From: Norman Geist (norman.geist_at_uni-greifswald.de)
Date: Fri May 20 2011 - 01:02:36 CDT

Hi NAMD users,
I just want to share my benchmark results with you because of the many
discussions about performance of namd cuda and oversubscription of gpus. In
my test case it seems that an oversubscribing of a TeslaC2050 , plugged into
a PCIE2.0X16full-Slot, is possible with many processor cores because of the
good memory connection and bandwidth. The cuda code of namd seems to triple
the performance of the available processor cores with a TeslaC2050.
My hardware:
Fujitsu Celsius M470-2 Workstation
4GB DDR3-SD-RAM
1x Xeon E5645 6-Core 2.4 GHz 12MB HT
2x Nvidia Tesla C2050 3GB GDDR5
(Hyperthreading cores didn't made any difference for me so I don't show them
here)
 
My System: (amber -> mostly same performance as charm)

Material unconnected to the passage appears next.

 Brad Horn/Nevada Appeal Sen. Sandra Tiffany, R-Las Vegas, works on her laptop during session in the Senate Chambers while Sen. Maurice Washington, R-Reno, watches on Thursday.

Collagen triplehelix with TIP3PBOX
Atoms: 278648 Bonds:278419 Residues:91737 Waters:90780 Box: 505 80 80
 
My results:
CPU only:
Cores 1 2 3 4
5 6
Time/step 4.5 2.3 1.6 1.2 0.9
0.8
CPU+GPU:
Cores 1 2 3 4
5 6 | 1 2 3
4 5 6
GPUS 1 1 1 1
1 1 | 2 2 2
2 2 2
Time/step 1.0 0.7 0.5 0.4 0.3
0.26 | - 0.6 0.5 0.4
0.3 0.26
 
NAMD scales very well here, deep respect to the coders ;)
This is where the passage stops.